Frontpage Interview’s guest today is Warren Kozak, an author and journalist who has written for television’s most respected news anchors. Winner of the prestigious Benton Fellowship at the University of Chicago in 1993, he was an on-air reporter for NPR and his work has appeared on PBS and in the Wall Street Journal, the Washington Post, and the New York Sun as well as other newspapers and magazines. In his new book, LeMay: The Life and Wars of General Curtis LeMay, Kozak takes a new look at the controversial, total war general and comes up with some surprising findings.
FP: Warren Kozak, welcome to Frontpage Interview.
What inspired you to write this book?
Kozak: The short answer – I was surprised to find out that LeMay wasn’t at all the man I thought he was … and I didn’t think he got a fair shake in history.

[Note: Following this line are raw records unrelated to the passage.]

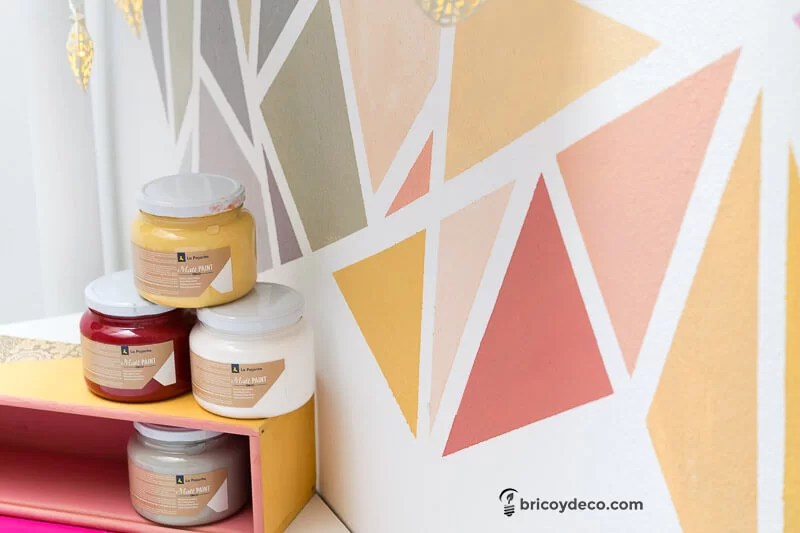 renovate with paint using only 4 colors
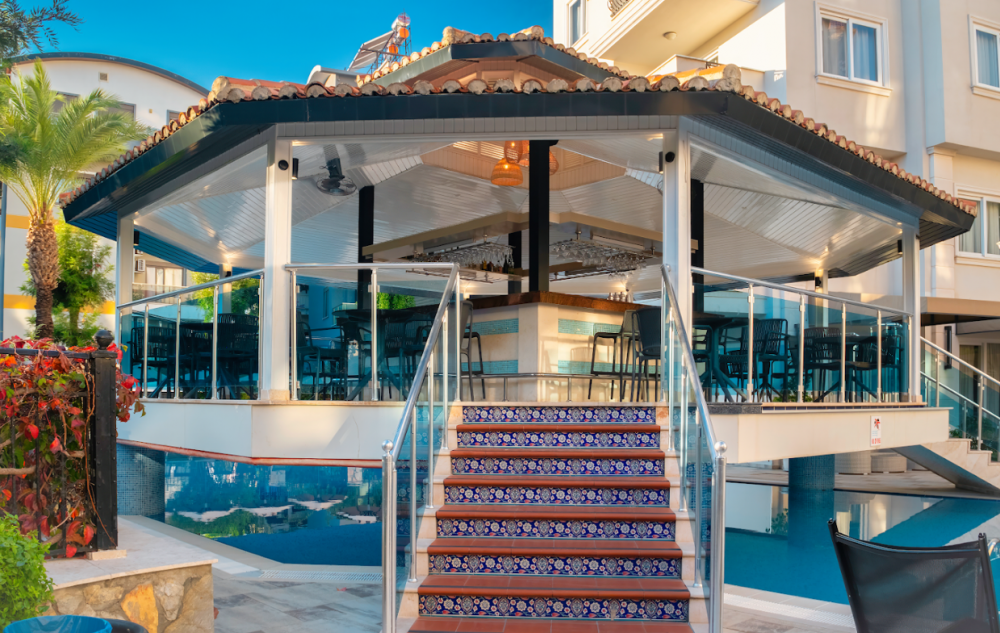 Villa Sun Flower Aparts & Suites 4*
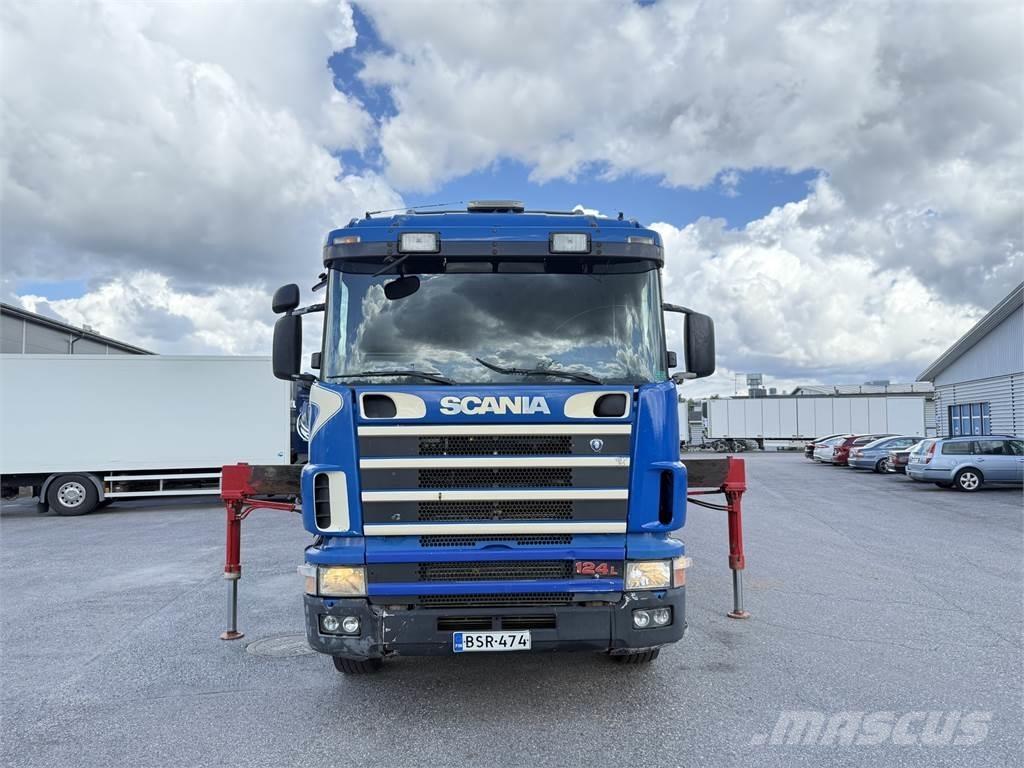 Scania R124 6X2 Crane trucks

Here is a man who has been marginalized and even vilified as this mad bomber yearning for a nuclear exchange with the Soviets. Hollywood helped solidify that negative image with Dr. Strangelove and Thirteen Days and he became a favorite target for journalists beginning in the 1960s.
In truth, the real LeMay couldn’t have been further from the crazy brute that he’s been made out to be. He was a sober, strategic realist, who cared deeply for the men who served under him and for the country he defended.
LeMay was perhaps the most brilliant military strategist this nation has ever produced – not my words but those of the late Robert S. McNamara, whom I interviewed for the book. And LeMay was brave. He put his own life at risk insisting on flying the lead bomber on every dangerous mission over Europe. He was one of the most influential factors in our victory in the Pacific Theater. And if that weren’t enough, LeMay had a third act that equaled the first two, helping to win the Cold War by turning the Strategic Air Command into the most efficient and deadliest military force in history that kept the Soviets in check for decades.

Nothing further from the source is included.